Start of Input data
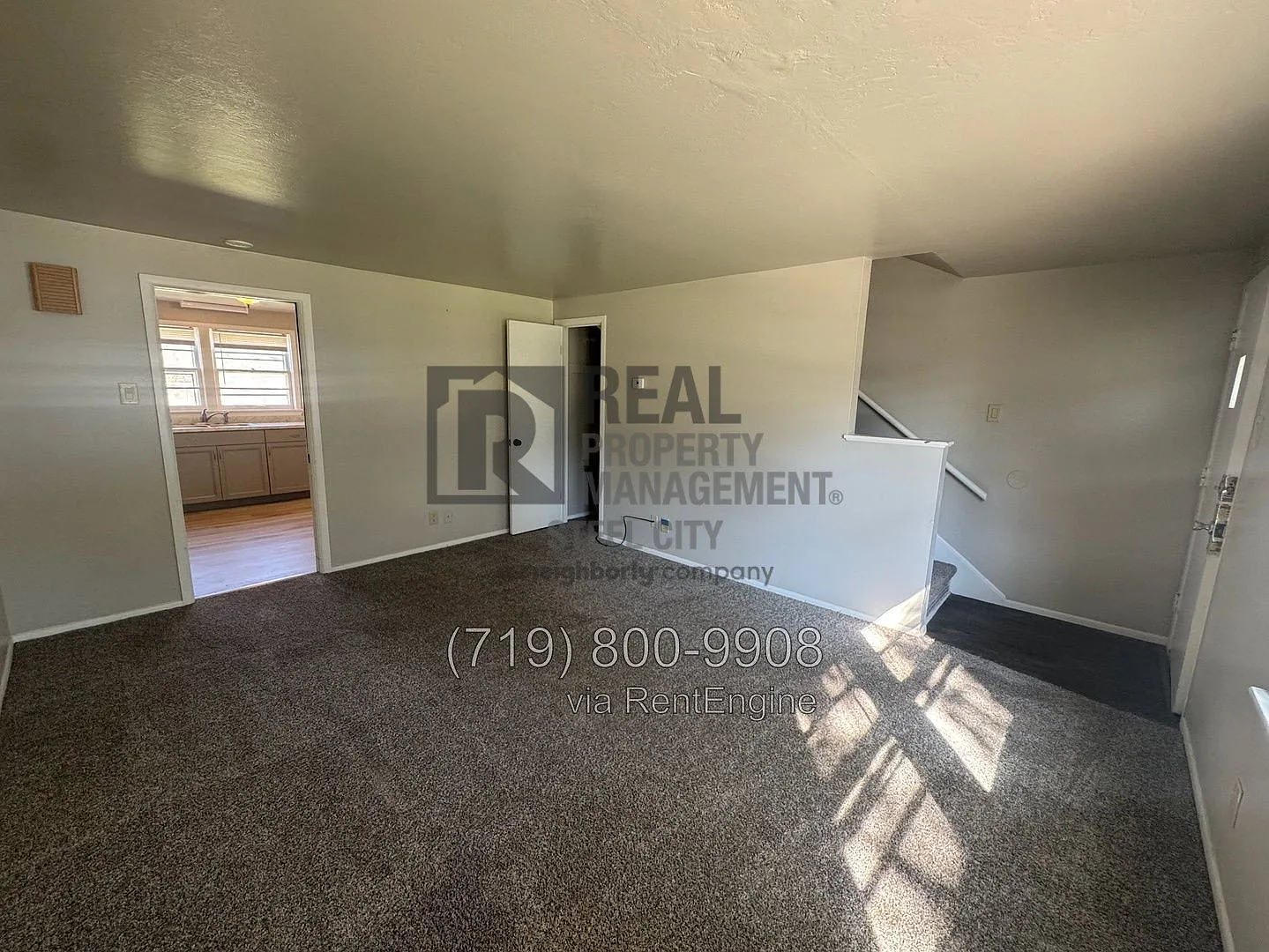 2 bed, 1.5 bath, 940 sqft, $1,200 — Photo 4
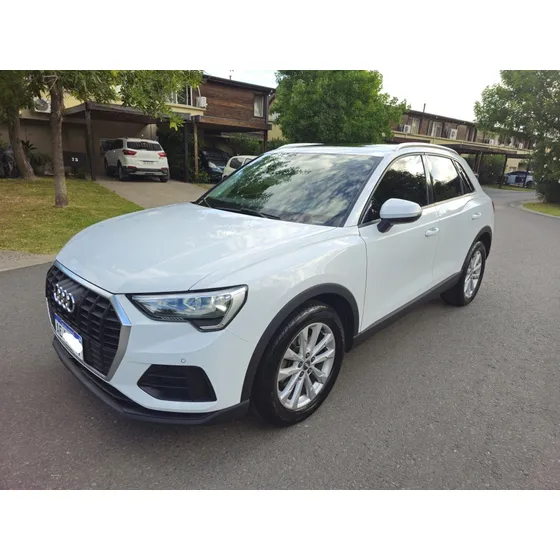 Audi Q3 1.4 35tfsi 150 Cv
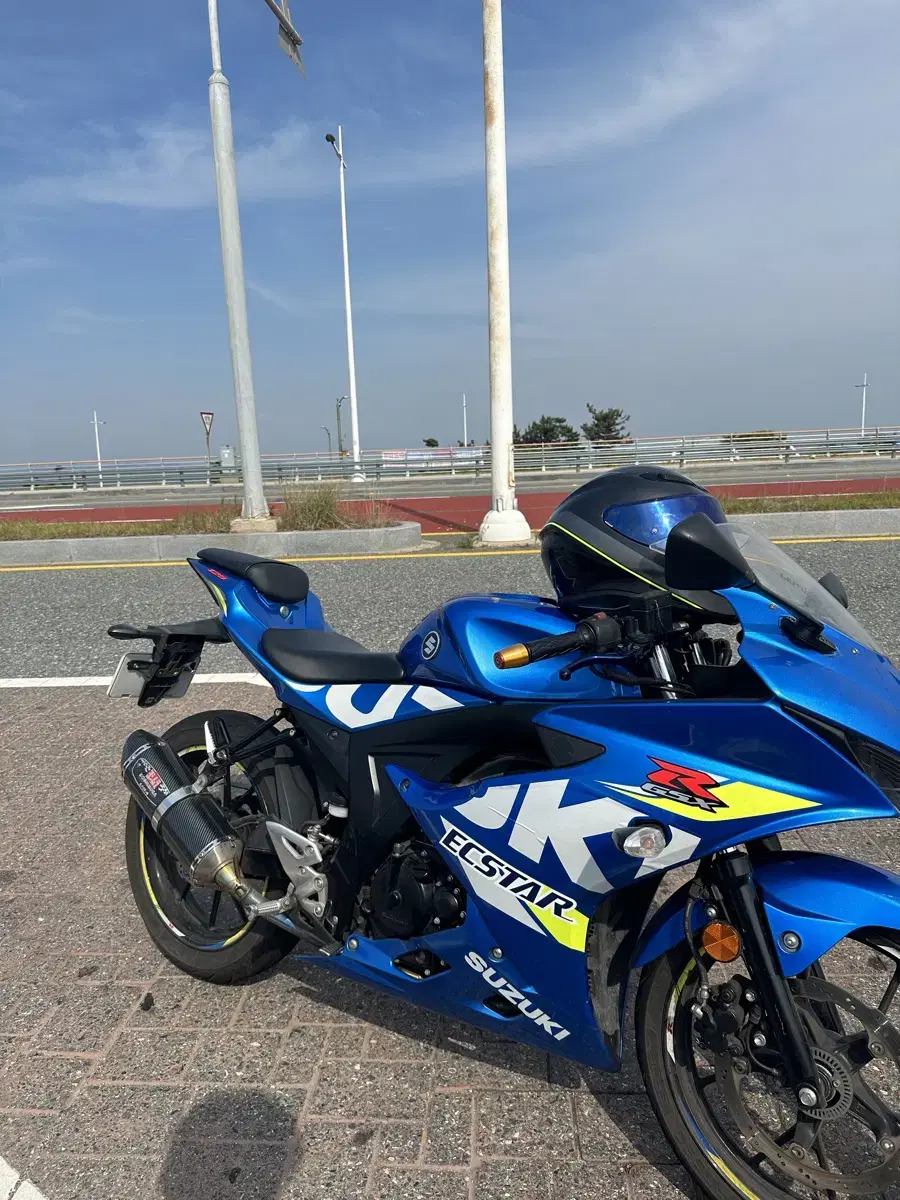 19년식 gsx-r125 요시무라구변 팝니다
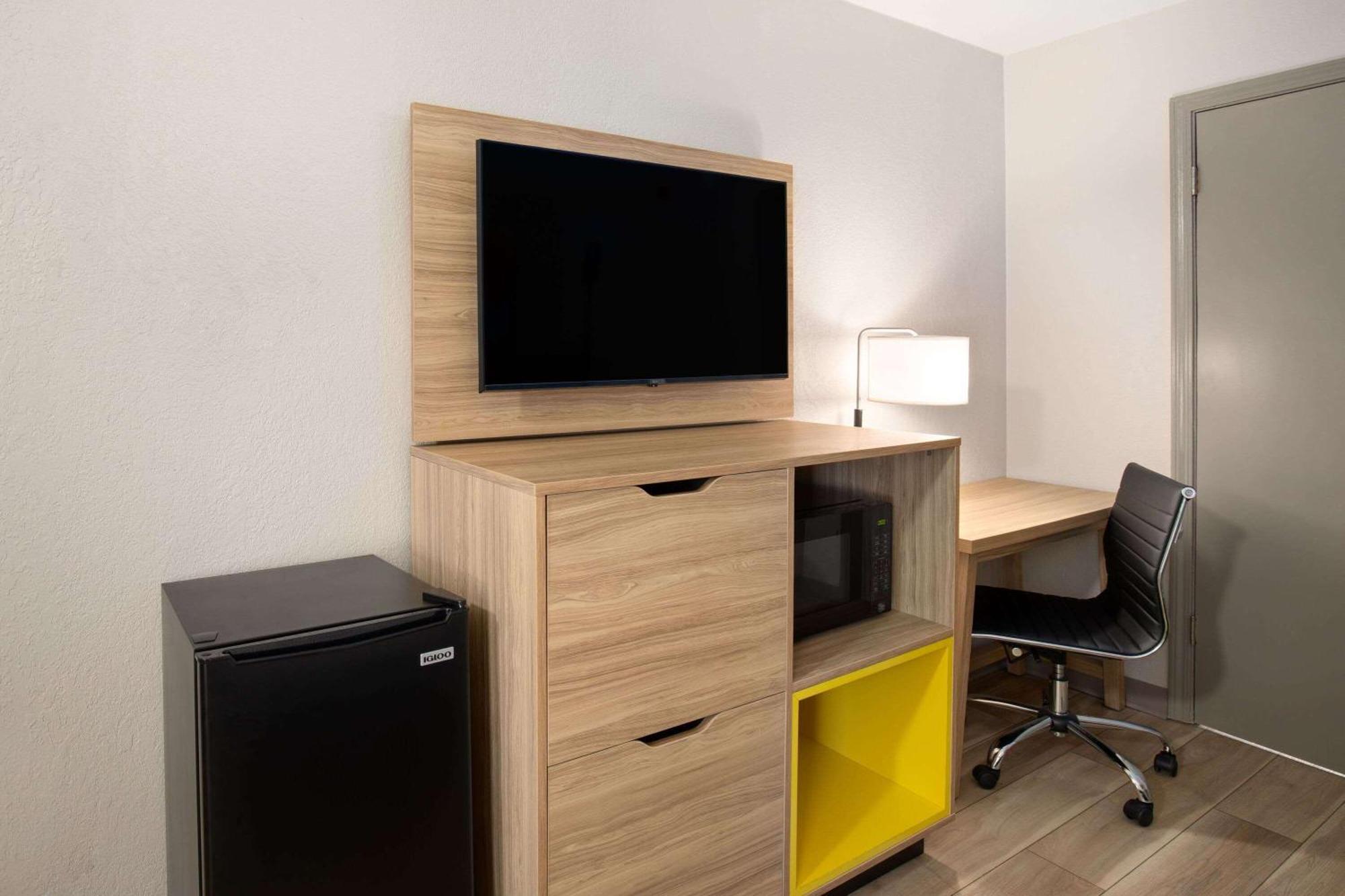 Days Inn By Wyndham Helen Dış mekan fotoğraf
End of Input data
▶ [Exercise]: Once the pictures are dropped, please print every remaining line of the material verbatim.

▶ [Answer]:
 2 bed, 1.5 bath, 940 sqft, $1,200 — Photo 4
 Audi Q3 1.4 35tfsi 150 Cv
 19년식 gsx-r125 요시무라구변 팝니다
 Days Inn By Wyndham Helen Dış mekan fotoğraf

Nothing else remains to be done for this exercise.